**Data to process**

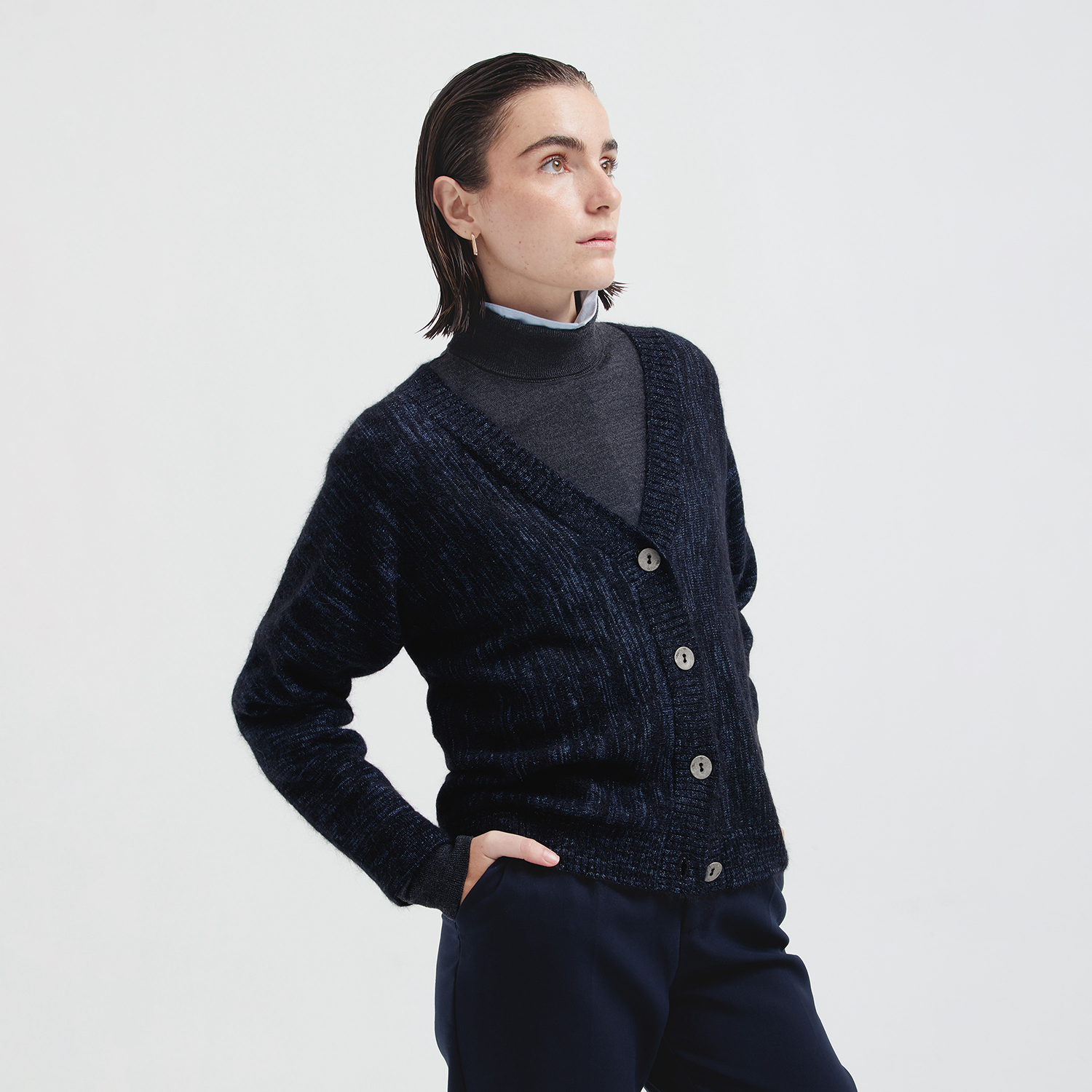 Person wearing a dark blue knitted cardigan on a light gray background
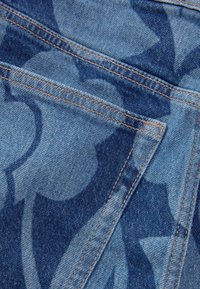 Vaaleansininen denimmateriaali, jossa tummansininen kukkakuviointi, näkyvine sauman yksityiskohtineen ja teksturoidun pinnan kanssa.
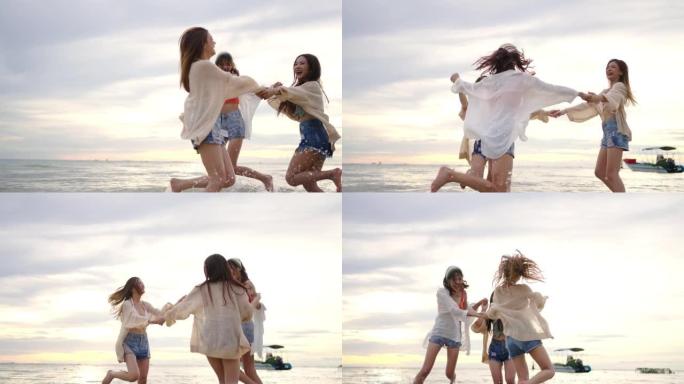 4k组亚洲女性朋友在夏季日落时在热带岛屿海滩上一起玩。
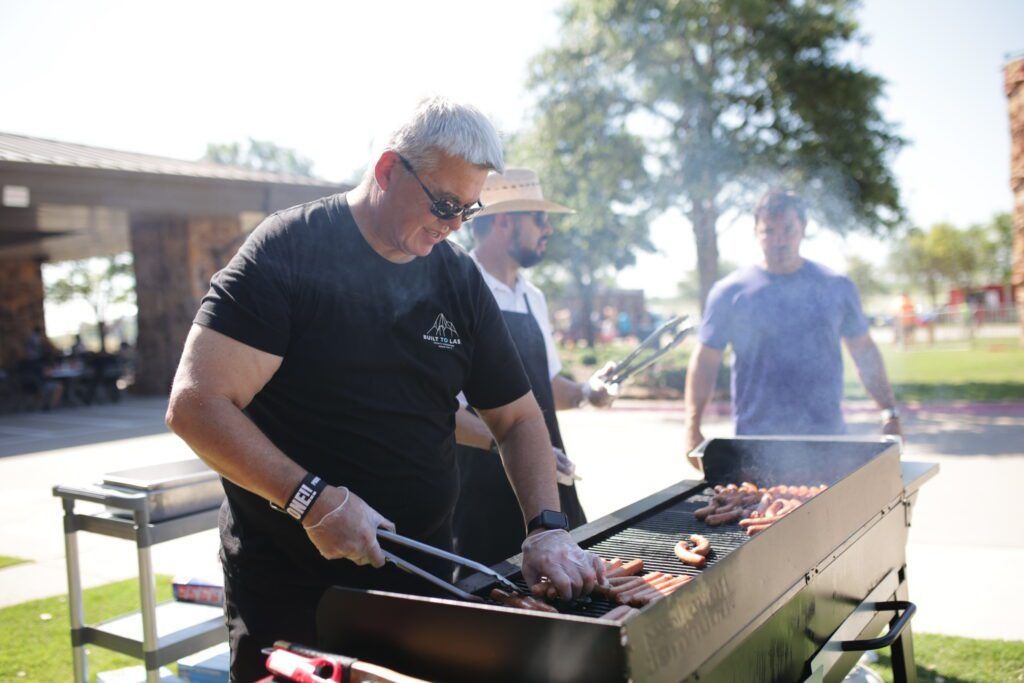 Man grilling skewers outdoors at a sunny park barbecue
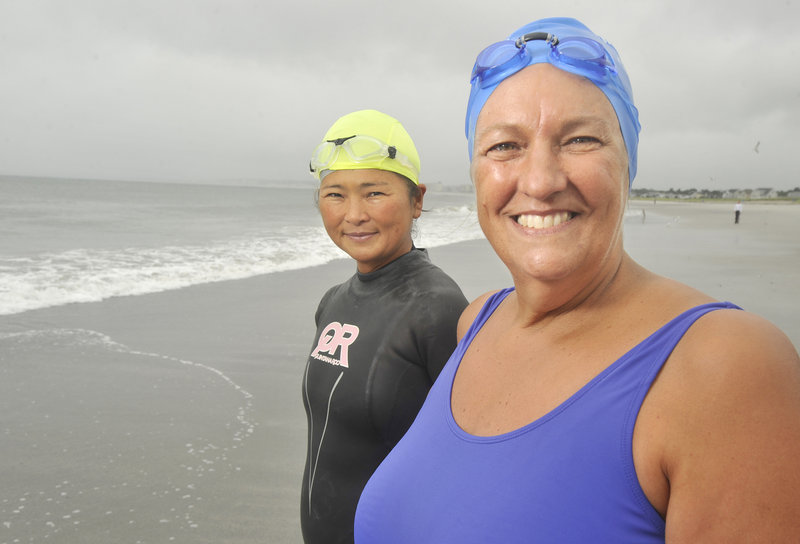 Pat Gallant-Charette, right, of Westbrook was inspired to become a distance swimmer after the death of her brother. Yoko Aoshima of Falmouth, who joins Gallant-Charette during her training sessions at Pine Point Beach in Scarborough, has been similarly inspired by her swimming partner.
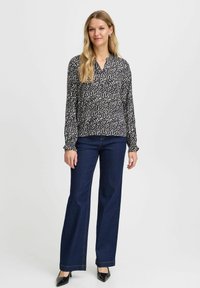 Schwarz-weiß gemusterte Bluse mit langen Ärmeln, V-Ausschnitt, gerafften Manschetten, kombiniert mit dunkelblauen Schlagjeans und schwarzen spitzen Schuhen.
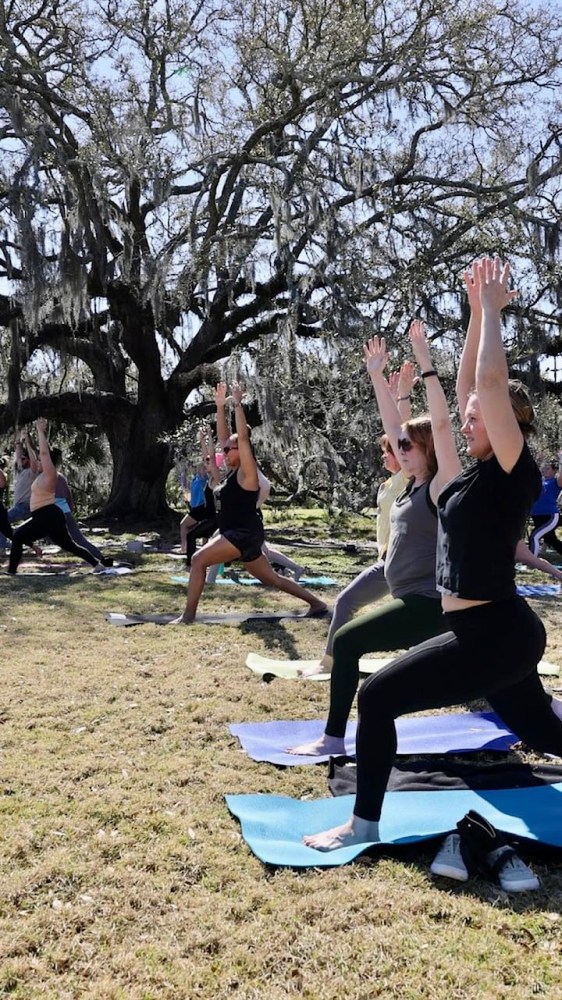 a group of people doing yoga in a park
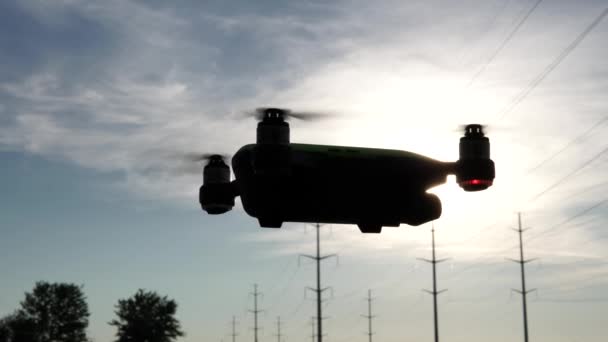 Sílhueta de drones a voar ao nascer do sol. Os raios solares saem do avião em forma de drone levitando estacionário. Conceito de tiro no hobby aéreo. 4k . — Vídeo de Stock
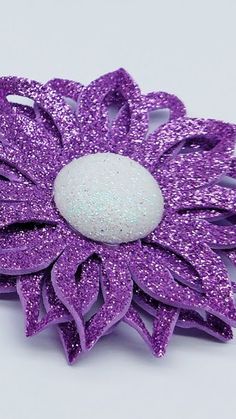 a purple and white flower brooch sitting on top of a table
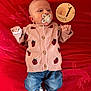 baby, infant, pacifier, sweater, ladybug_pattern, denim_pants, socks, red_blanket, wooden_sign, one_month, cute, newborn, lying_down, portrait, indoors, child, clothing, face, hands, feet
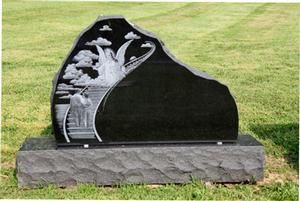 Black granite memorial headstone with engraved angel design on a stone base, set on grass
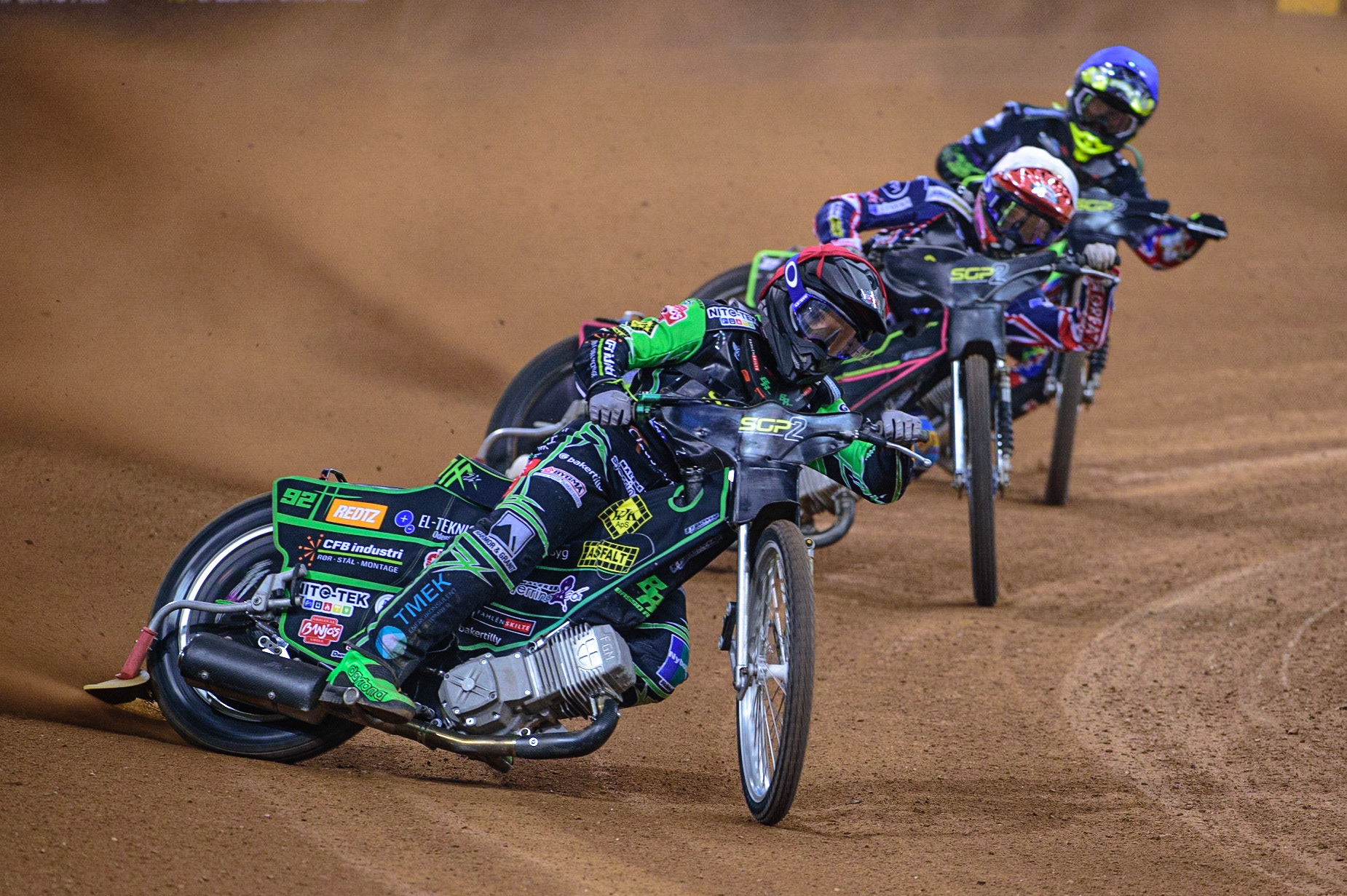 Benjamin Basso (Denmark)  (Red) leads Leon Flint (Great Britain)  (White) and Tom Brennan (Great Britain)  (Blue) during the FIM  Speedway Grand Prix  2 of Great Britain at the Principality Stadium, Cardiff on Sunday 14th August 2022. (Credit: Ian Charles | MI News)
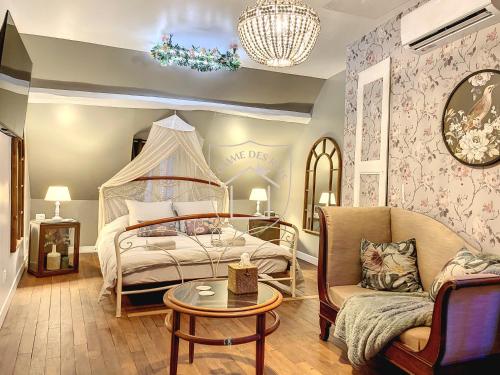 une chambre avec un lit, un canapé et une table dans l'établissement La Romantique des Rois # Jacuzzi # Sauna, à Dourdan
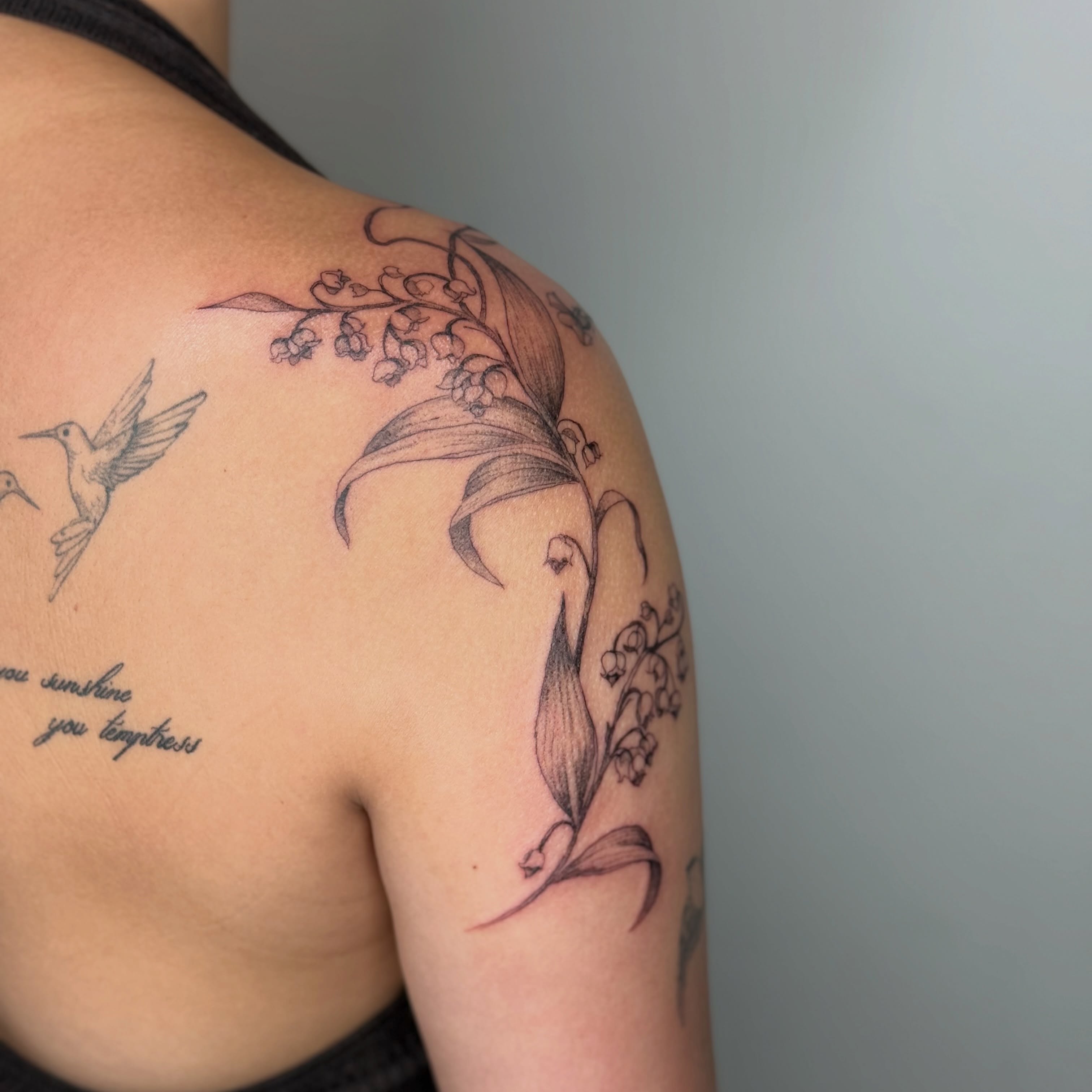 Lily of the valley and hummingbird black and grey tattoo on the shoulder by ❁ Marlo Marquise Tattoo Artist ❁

**What you will do**
If an entry contains an image, skip the image and return the rest of the listing unchanged.

**Response**
 Person wearing a dark blue knitted cardigan on a light gray background
 Vaaleansininen denimmateriaali, jossa tummansininen kukkakuviointi, näkyvine sauman yksityiskohtineen ja teksturoidun pinnan kanssa.
 4k组亚洲女性朋友在夏季日落时在热带岛屿海滩上一起玩。
 Man grilling skewers outdoors at a sunny park barbecue
 Pat Gallant-Charette, right, of Westbrook was inspired to become a distance swimmer after the death of her brother. Yoko Aoshima of Falmouth, who joins Gallant-Charette during her training sessions at Pine Point Beach in Scarborough, has been similarly inspired by her swimming partner.
 Schwarz-weiß gemusterte Bluse mit langen Ärmeln, V-Ausschnitt, gerafften Manschetten, kombiniert mit dunkelblauen Schlagjeans und schwarzen spitzen Schuhen.
 a group of people doing yoga in a park
 Sílhueta de drones a voar ao nascer do sol. Os raios solares saem do avião em forma de drone levitando estacionário. Conceito de tiro no hobby aéreo. 4k . — Vídeo de Stock
 a purple and white flower brooch sitting on top of a table
 baby, infant, pacifier, sweater, ladybug_pattern, denim_pants, socks, red_blanket, wooden_sign, one_month, cute, newborn, lying_down, portrait, indoors, child, clothing, face, hands, feet
 Black granite memorial headstone with engraved angel design on a stone base, set on grass
 Benjamin Basso (Denmark)  (Red) leads Leon Flint (Great Britain)  (White) and Tom Brennan (Great Britain)  (Blue) during the FIM  Speedway Grand Prix  2 of Great Britain at the Principality Stadium, Cardiff on Sunday 14th August 2022. (Credit: Ian Charles | MI News)
 une chambre avec un lit, un canapé et une table dans l'établissement La Romantique des Rois # Jacuzzi # Sauna, à Dourdan
 Lily of the valley and hummingbird black and grey tattoo on the shoulder by ❁ Marlo Marquise Tattoo Artist ❁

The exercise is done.